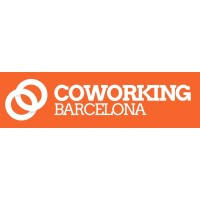 Coworking Barcelona logo - Similar company to Source Of Law I Assessoria Jurídica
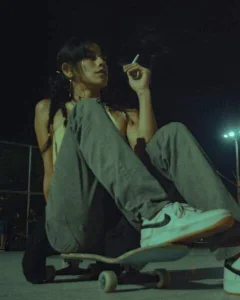 MIAUTENA amorews Pic 3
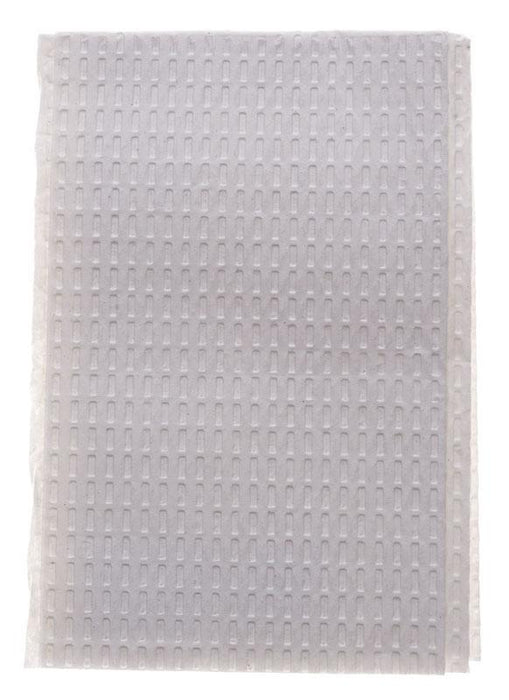 3-Ply Tissue Professional Towels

★ ★ ★ ★ ★

» **Aim of the task**: Exactly the lines from the line with "MIAUTENA amorews Pic 3" through the end of the data are to be reproduced, and no picture is to be included.

» **Answer section**:
 MIAUTENA amorews Pic 3
 3-Ply Tissue Professional Towels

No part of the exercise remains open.